Płytę wieńczy króciutki "Pantofelek", w którym wokal, a właściwie monodeklamacja, uformowana na mszalny zaśpiew na mało wyraźnym elektronicznym tle. Tego utworu mogłoby jednak nie być, "Zaśnij Księżycu" płytę wieńczy znacznie lepiej, pełniej i dobitniej.
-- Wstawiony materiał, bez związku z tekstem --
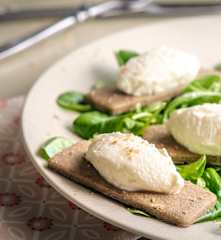 Sablés au sarrasin, fromage de chèvre et miel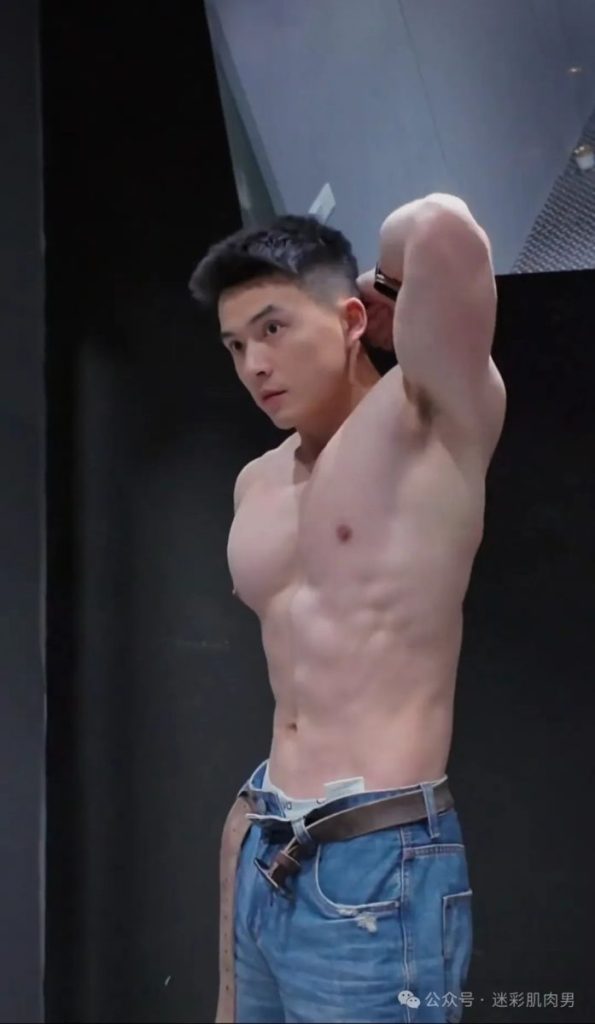 壹臣现在穿什么都要这样脱了自拍，？视频太好看！！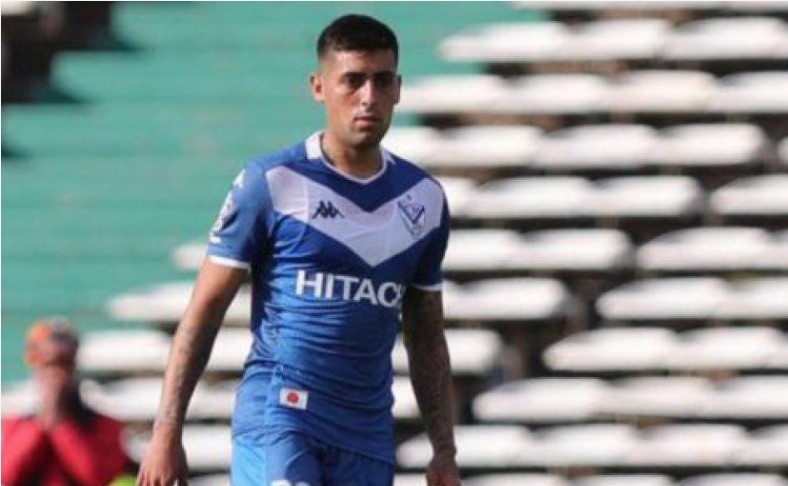 Denuncia por violencia de género y restricción perimetral para jugador de Vélez | Deportes
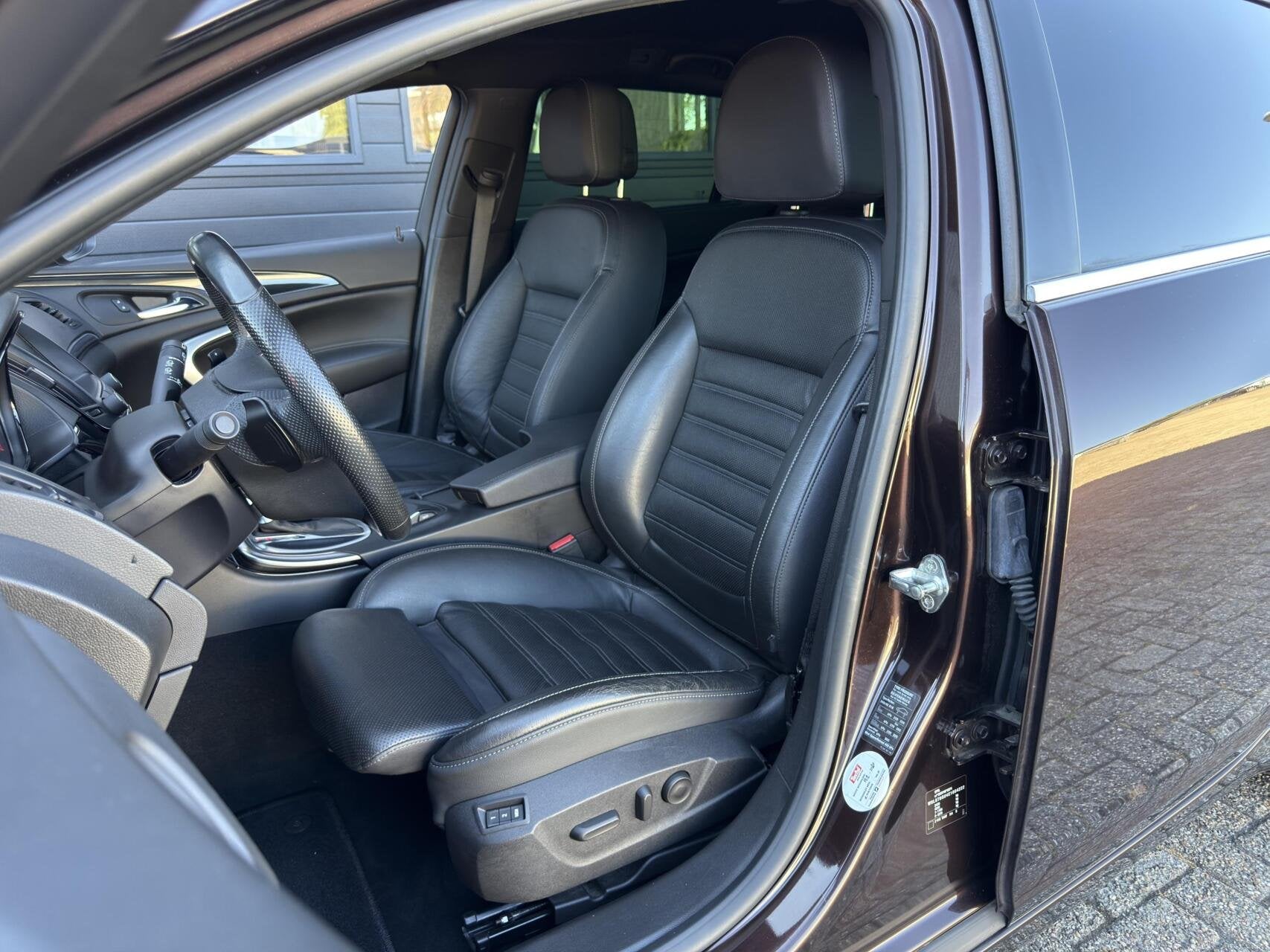 Foto 12 van Opel Insignia Sports Tourer 2.0 T Cosmo 4x4 250pk |Bose|Lede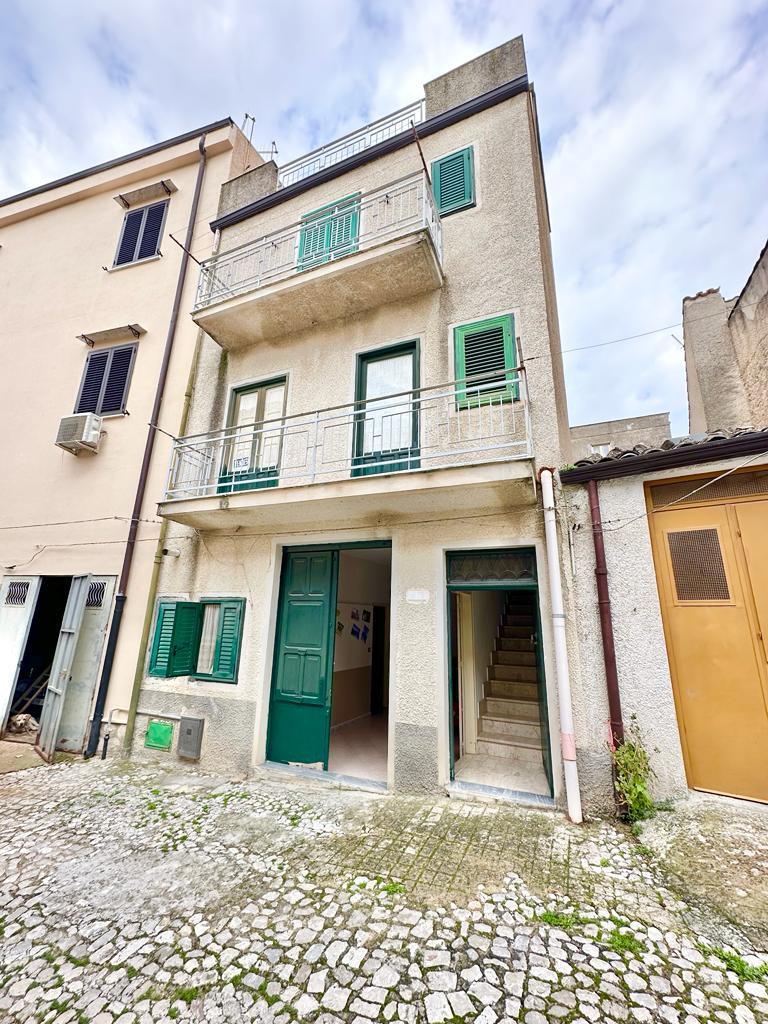 Casa singola in Vendita a Palazzo Adriano Centro storico (Palermo)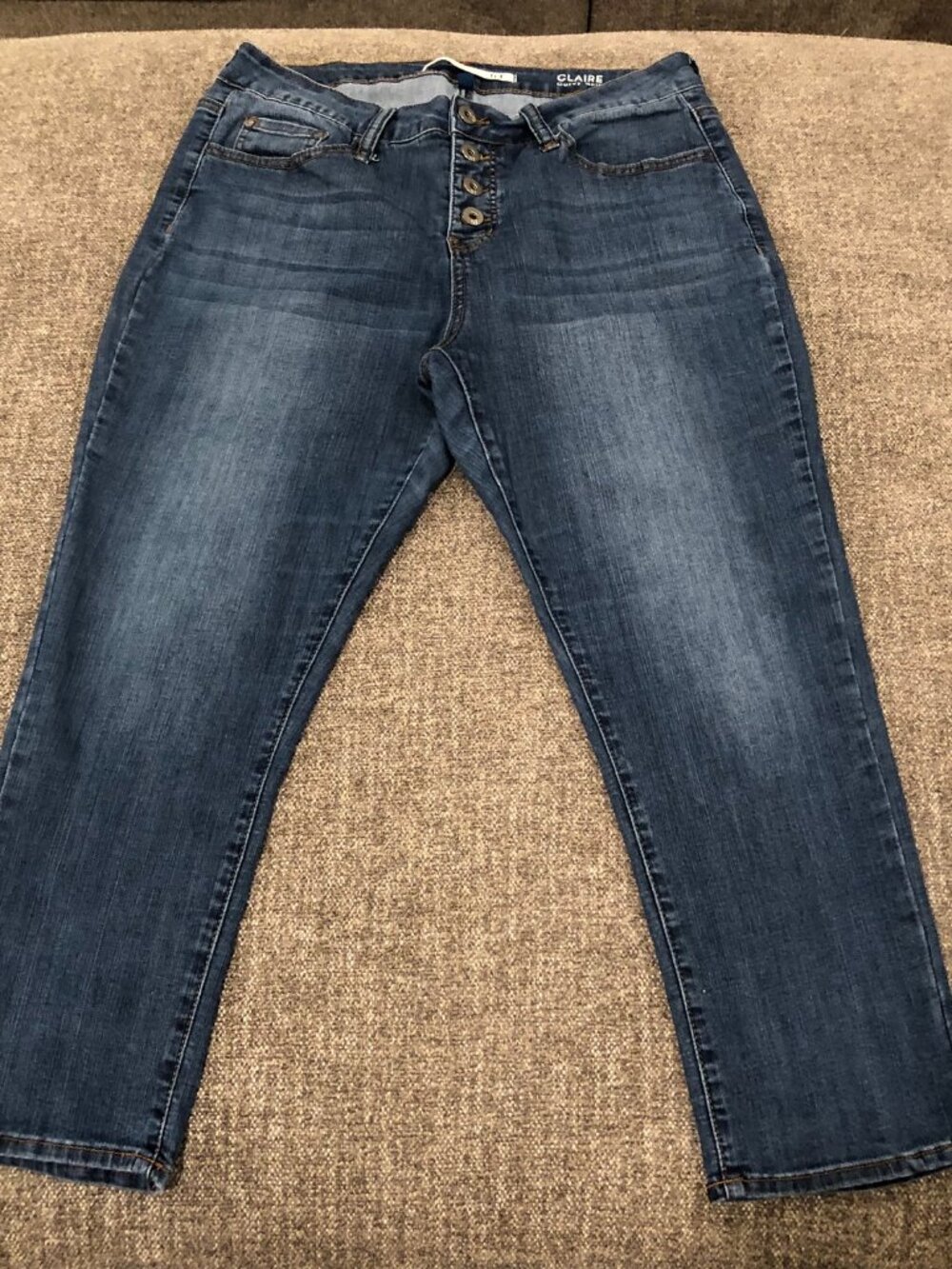 !iT. Claire Curvy Skinny Capri Jeans, Size 10 - Picture 2 of 10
Nie spodziewałem się tej płyty i nie sądziłem także, że po raz drugi zostanę zaskoczony. Nie tylko wyborem poety, ale także dojrzalszym podejściem do sfery instrumentalnej. Fonetyka już nie kopiuje swoich muzycznych idoli, pozostaje im wierna, ale udało się tutaj zawrzeć więcej własnego podejścia, przemyśleń i pełniej oddać ducha poezji, twórcy o którym przyznam się bez bicia, nawet nie słyszałem. Kogo wybiorą na swój trzeci album i czy znów poruszą mnie tak dogłębnie jak udało się to "Bursą" nie wiem, ale mam nadzieję, że ponownie będzie to zaskoczeniem. Fonetyka nie przebije się jednak do mainstreamu, bo dla niego jest po prostu za oryginalna, może nawet zbyt kontrowersyjna. Jest jak wybierani przez chłopaków poeci, wyklęta i niedoceniana, ale może właśnie w tym leży ich siła. Zostaną docenieni przez tych, którzy będą tego chcieli. Ocena: 9/10


Recenzja płyty "Requiem dla Wojaczka".

2 komentarze:

  1. a ja jakimś cudem go znam, choc nie jestem w stanie powiedziec, skąd mi sie wziął...
    brawa za tę płytę :)

    OdpowiedzUsuń
    Odpowiedzi
    1. To gratulacje znania poezji Bursy i cieszę się, że zarówno tekst, jak i płyta się podoba.